What you write should match, word for word, the lines from the one containing "Two elegant crystal" through the end of the data, with no pictures.
•••
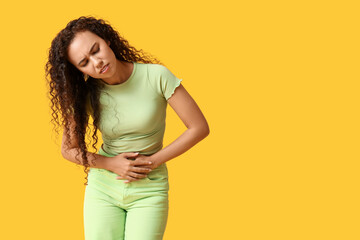 Young African-American woman with stomach ache on yellow background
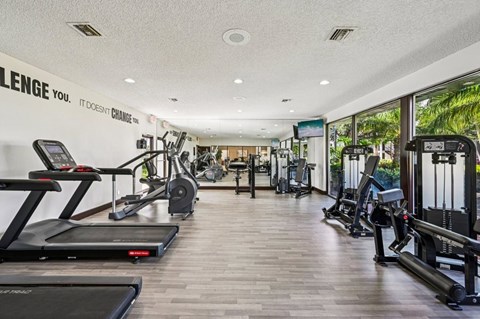 A gym with treadmills, weights and exercise machines.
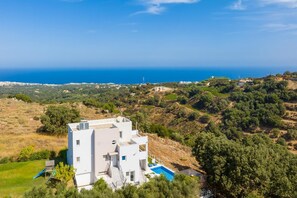 Une villa moderne aux murs blancs, dotée d’une piscine, entourée d’une végétation luxuriante et offrant une vue sur un paysage côtier.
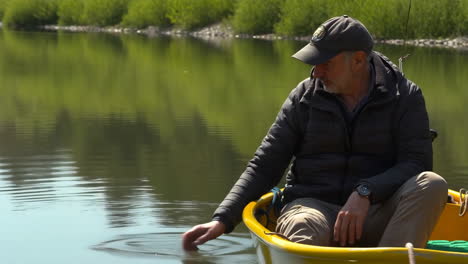 Man in a yellow boat touching the water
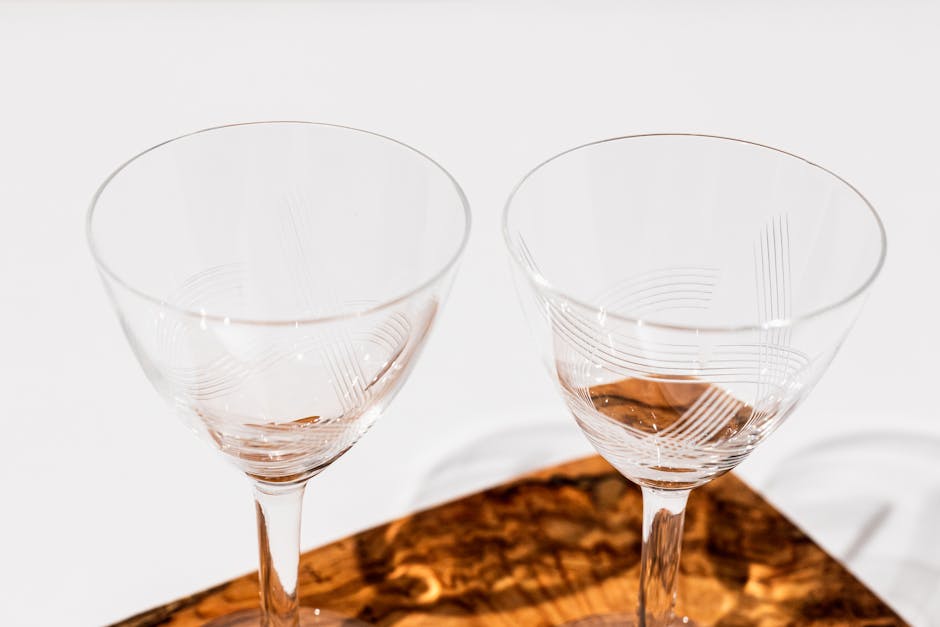 Two elegant crystal glasses placed on a textured wooden surface, capturing refined simplicity.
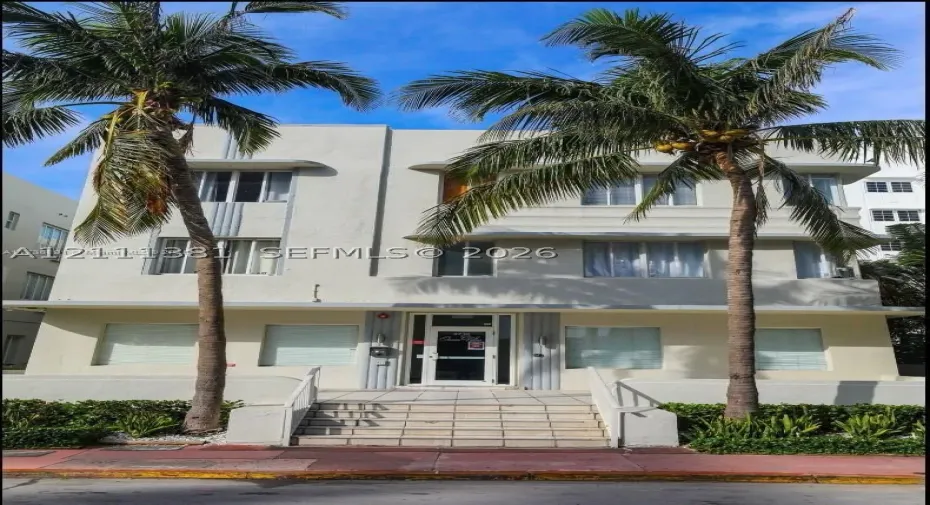 Art Deco exterior featuring a symmetrical facade, concrete-framed windows, vertical decorative fluting, and elevated stone entry stairs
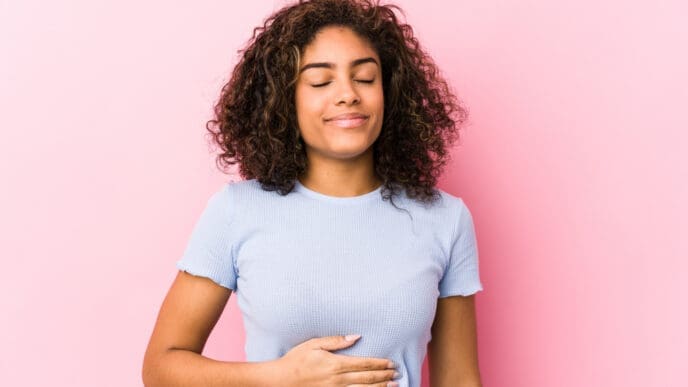 A young woman with curly hair, eyes closed and smiling serenely, holding her hand over her stomach, against a pink background.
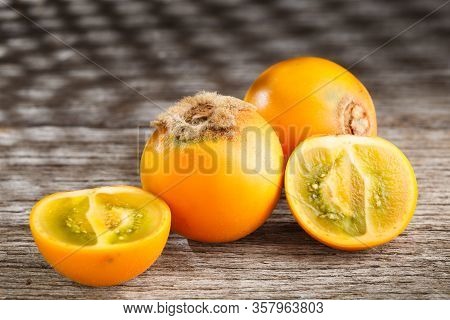 Fruit Of Lulo Or Naranjilla On Wood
•••
## RESULT BELOW
 Two elegant crystal glasses placed on a textured wooden surface, capturing refined simplicity.
 Art Deco exterior featuring a symmetrical facade, concrete-framed windows, vertical decorative fluting, and elevated stone entry stairs
 A young woman with curly hair, eyes closed and smiling serenely, holding her hand over her stomach, against a pink background.
 Fruit Of Lulo Or Naranjilla On Wood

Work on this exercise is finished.